The Commerce Server BizTalk adapters communicate with Commerce Server using the Commerce Server Web service APIs that are new to this version of Commerce Server. The Orders and Profiles Systems each expose their own Web services and the Catalog and Inventory Systems share a single Web service.
The receive adapters and send adapters that correspond to the Commerce Server Orders, Catalog, Inventory, and Profiles Systems use the corresponding Web service APIs to exchange data with the associated Commerce Server system. Some data is passed as API parameters and some data, very large data, is exchanged in the form of XML documents associated with the Web service calls and responses.

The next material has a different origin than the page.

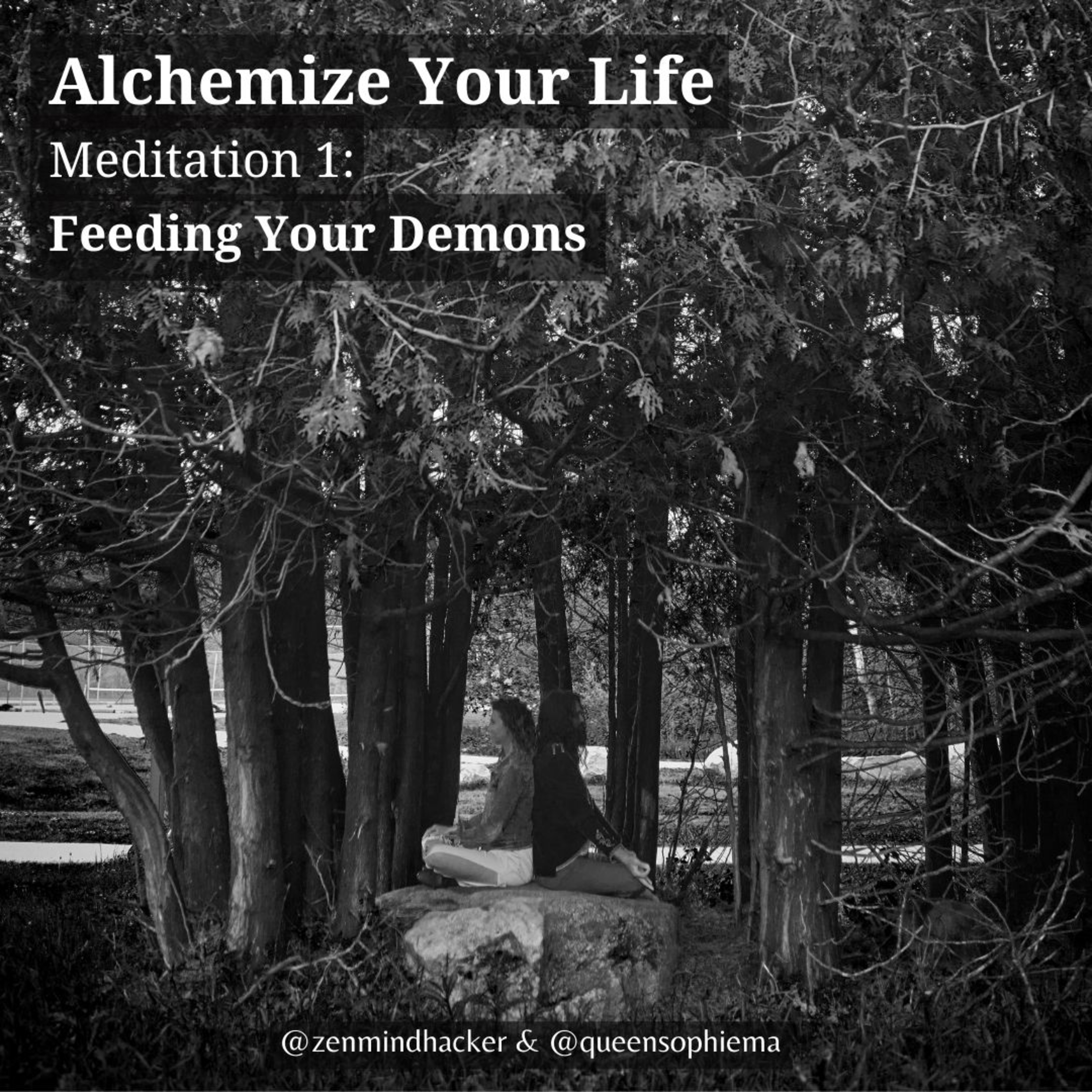 Alchemize Your Life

Commerce Server receive adapters reside within BizTalk Server receive locations. Commerce Server send adapters reside within BizTalk Server Send ports. Together with receive and send pipelines they are responsible for interacting with the various Commerce Server systems that use the corresponding Web services supplied by those systems on one side, and on the other side with a set of predefined XML messages (adapter messages) that participate in typical BizTalk Server message processing and everything else that potentially involves (orchestration processing, data transformation, and so on).
Between the Commerce Server adapters and the BizTalk Server MessageBox Database, a standard set of XML messages are exchanged. These messages are shown in the following table.
Adapter Type
Valid Adapter Messages
Orders receive adapter
CommerceServerOrdersExport
Orders send adapter
CommerceServerOrdersQuery, CommerceServerOrdersQueryResponse, CommerceServerOrdersAcceptBasket, CommerceServerOrdersAcceptBasketResponse, CommerceServerOrdersSavePurchaseOrder, CommerceServerOrdersSavePurchaseOrderResponse, CommerceServerOrdersUpdateOrderProperties, CommerceServerOrdersUpdateOrderPropertiesResponse
Catalog receive adapter
CommerceServerCatalogExport
Catalog send adapter
CommerceServerCatalogQuery, CommerceServerCatalogQueryResponse, CommerceServerCatalogImport, CommerceServerCatalogImportResponse
Inventory receive adapter
CommerceServerInventoryExport
Inventory send adapter
CommerceServerInventoryQuery, CommerceServerInventoryQueryResponse, CommerceServerInventoryImport, CommerceServerInventoryImportResponse
Profiles receive adapter
CommerceServerProfilesExport
Profiles send adapter
CommerceServerProfilesQuery, CommerceServerProfilesQueryResponse, CommerceServerProfilesImport, CommerceServerProfilesImportResponse, CommerceServerProfilesUpdate, CommerceServerProfilesUpdateResponse, CommerceServerProfilesDelete, CommerceServerProfilesDeleteResponse
Standard BizTalk Server message processing can be used on the Commerce Server adapter messages that are put into the MessageBox Database. This includes orchestration processing, data transformations, and so on. Some adapter messages can be very large, such as those that contain large product catalogs. In order to preserve acceptable performance, you must exercise good judgment when you are determining how to process such large messages. For example, you may want to schedule the processing of large messages during particular time windows, when surplus processing power is more likely to be available.
The ultimate purpose of using a Commerce Server adapter is to exchange data with an application "on the other side" of BizTalk Server. This could be another instance of Commerce Server, one of your own line-of-business applications with which it makes sense to automate the exchange of business data, or perhaps one or more applications being run by your trading partners. The formats in which these other applications expect to send and receive data is important to your overall "connected commerce" solution, and BizTalk Server is your solution for making sure that the XML messages produced and consumed by the Commerce Server adapters can be transformed back and forth, as required, into these other formats.